> _WHAT IS NEEDED_
In full and exactly, please return the records, but keep out the pictures.

Short descriptive text snippets:
+===+

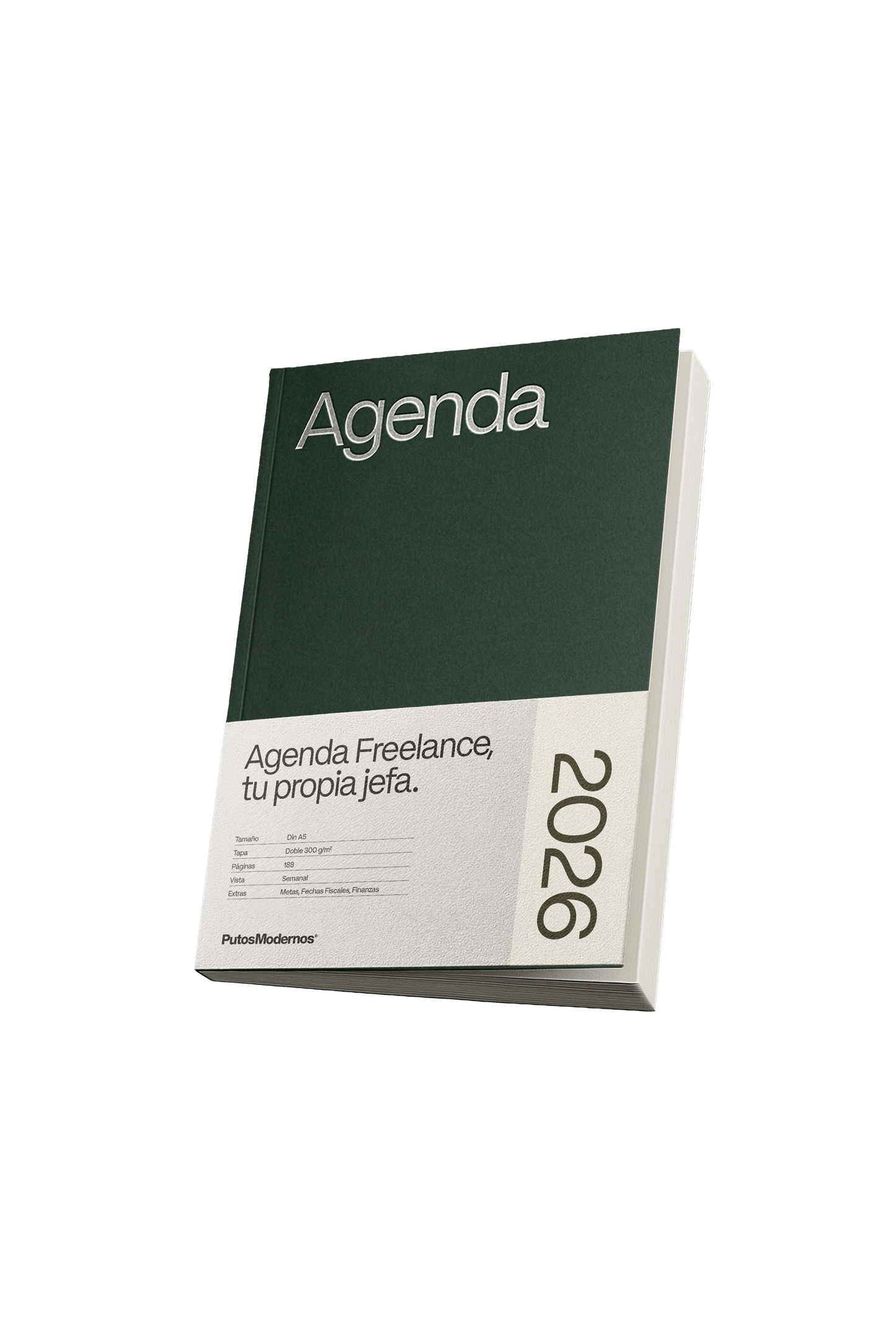Agenda Freelance 2026 - Verde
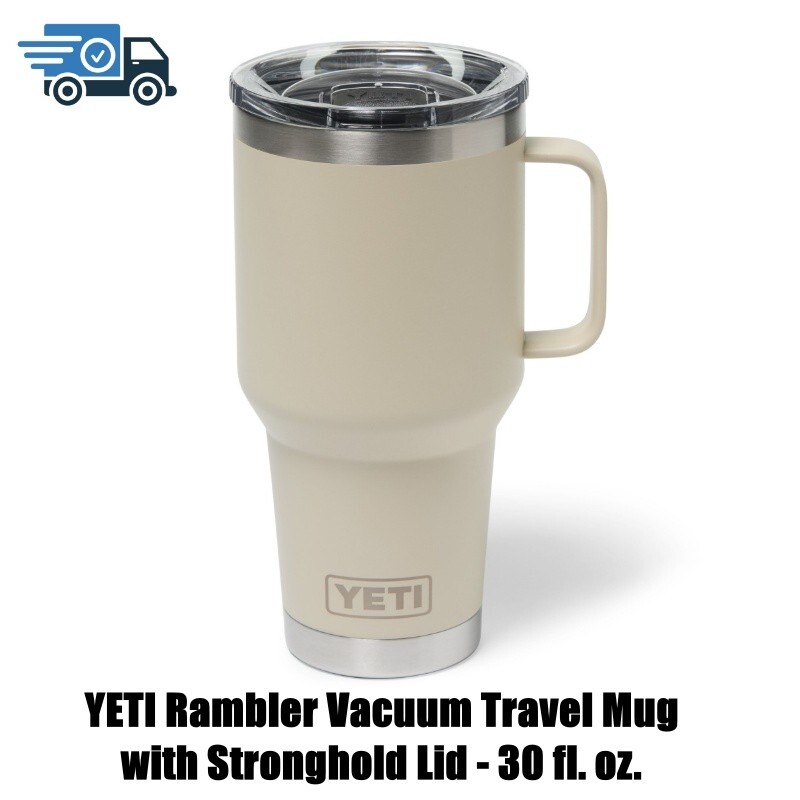 YETI Rambler 30 oz Vacuum Insulated Travel Mug with Stronghold Lid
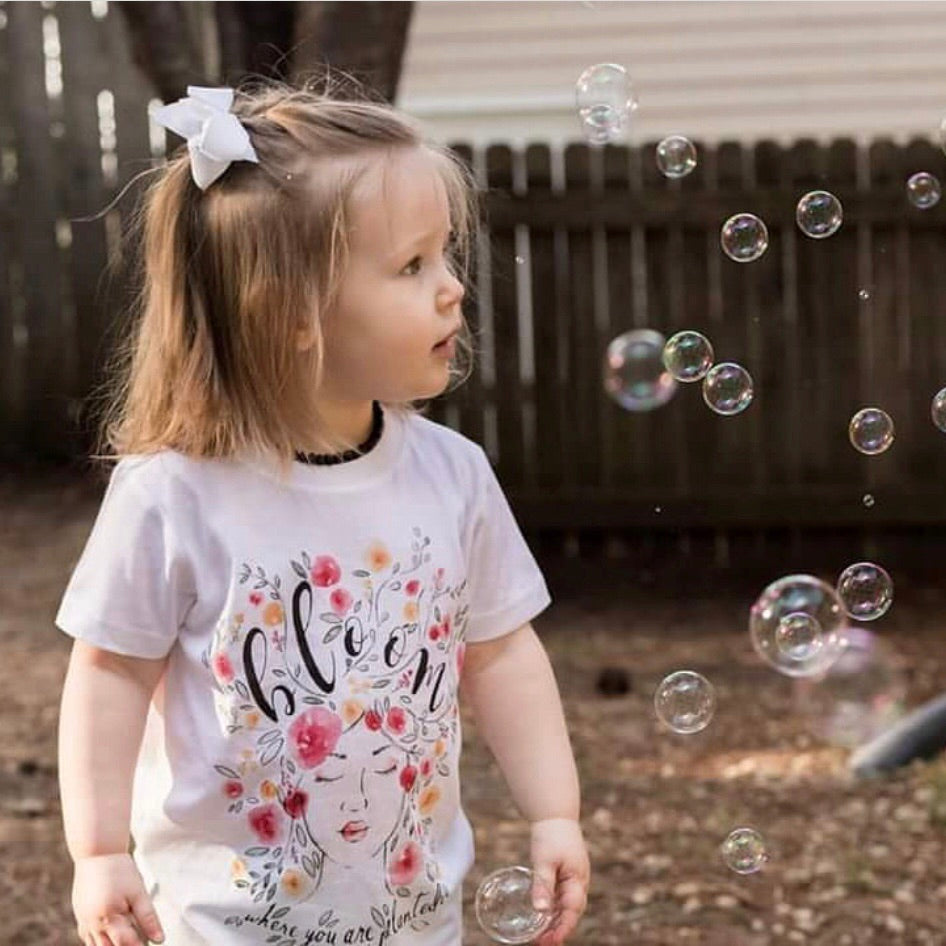 « BLOOM WHERE YOU ARE PLANTED » KID'S TEE
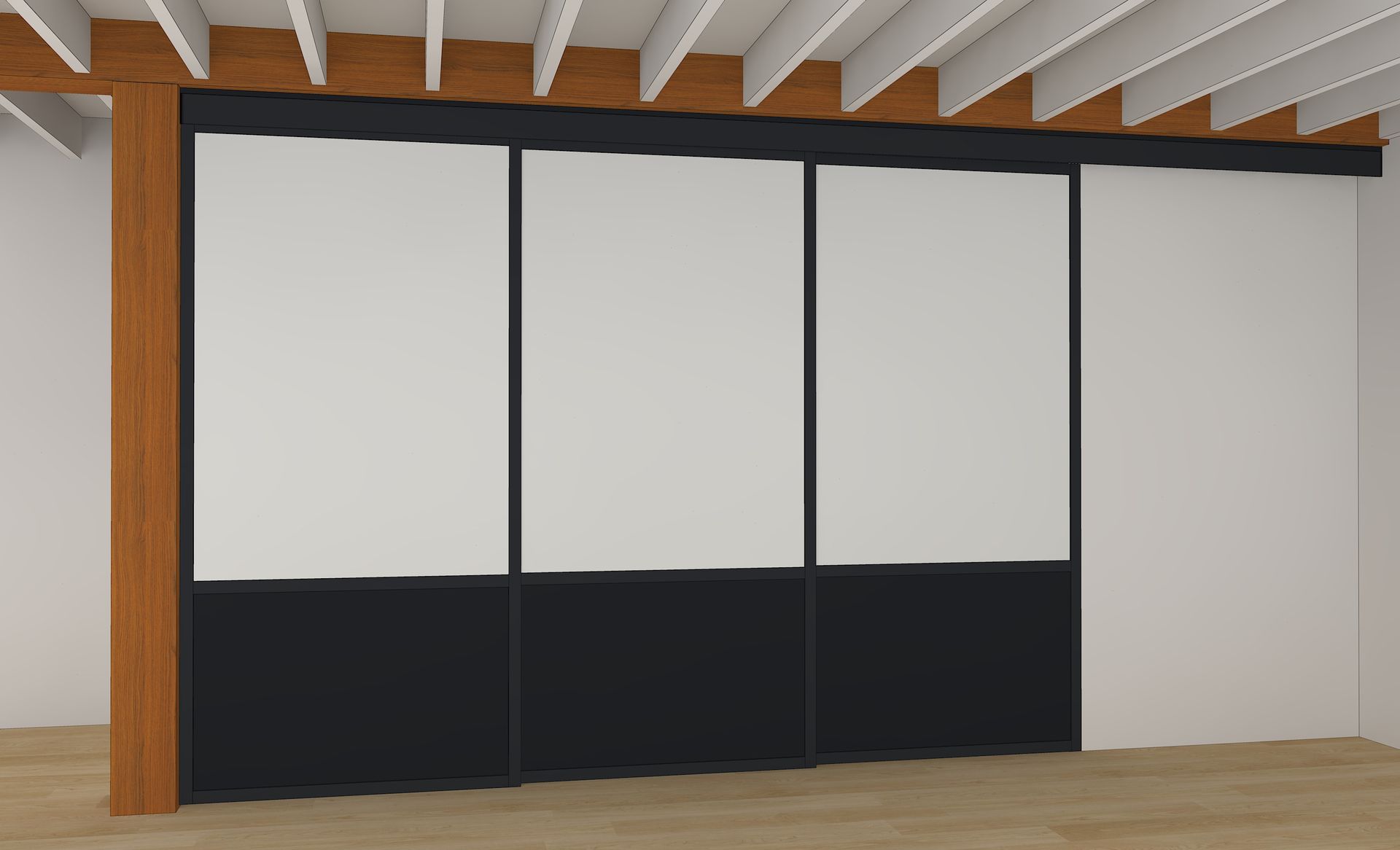 Verrière et séparation sur mesure avec placard et rangement à Nantes.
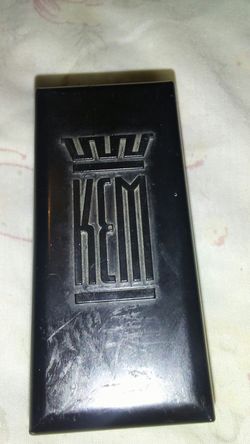 1947 kem playing cards bakelite case double deck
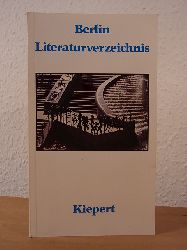 Buchhandlung Kiepert Berlin:  Berlin Literaturverzeichnis. Ausgabe 1983 / 1984. Eine Bibliographie der wichtigsten Berlin-Bcher und -Karten 
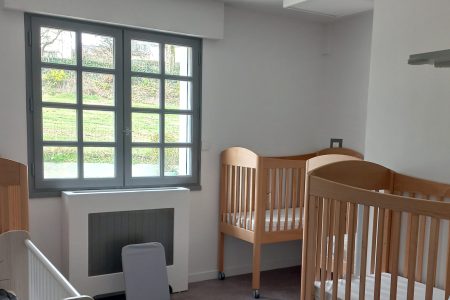 Dortoir dans la micro-crèche à Lécousse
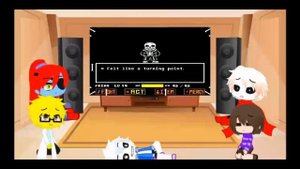 Undertale react to Hard Mode Sans By FDY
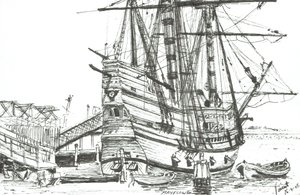 Le Mayflower, Plymouth, Massachusetts. 2003 - Vincent Alexander Booth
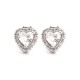 925 Silver Rhodium Plated CZ Set Stud Earrings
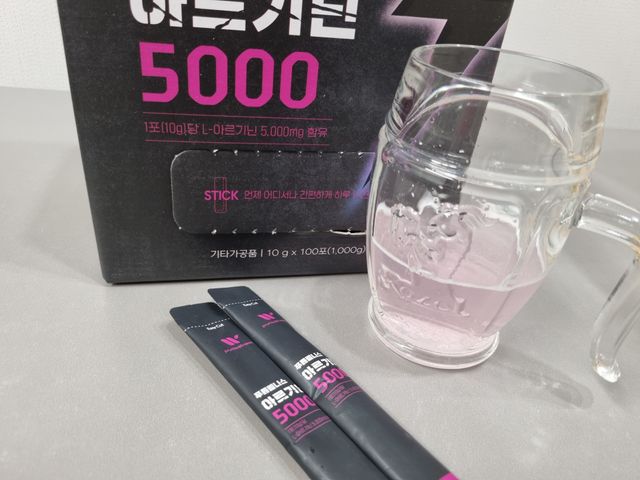 [푸름웰니스] 아르기닌 5000 (10g x 100포) 리뷰 사진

+===+

> _ANSWER TO THE EXERCISE_
Agenda Freelance 2026 - Verde
 YETI Rambler 30 oz Vacuum Insulated Travel Mug with Stronghold Lid
 « BLOOM WHERE YOU ARE PLANTED » KID'S TEE
 Verrière et séparation sur mesure avec placard et rangement à Nantes.
 1947 kem playing cards bakelite case double deck
 Buchhandlung Kiepert Berlin:  Berlin Literaturverzeichnis. Ausgabe 1983 / 1984. Eine Bibliographie der wichtigsten Berlin-Bcher und -Karten 
 Dortoir dans la micro-crèche à Lécousse
 Undertale react to Hard Mode Sans By FDY
 Le Mayflower, Plymouth, Massachusetts. 2003 - Vincent Alexander Booth
 925 Silver Rhodium Plated CZ Set Stud Earrings
 [푸름웰니스] 아르기닌 5000 (10g x 100포) 리뷰 사진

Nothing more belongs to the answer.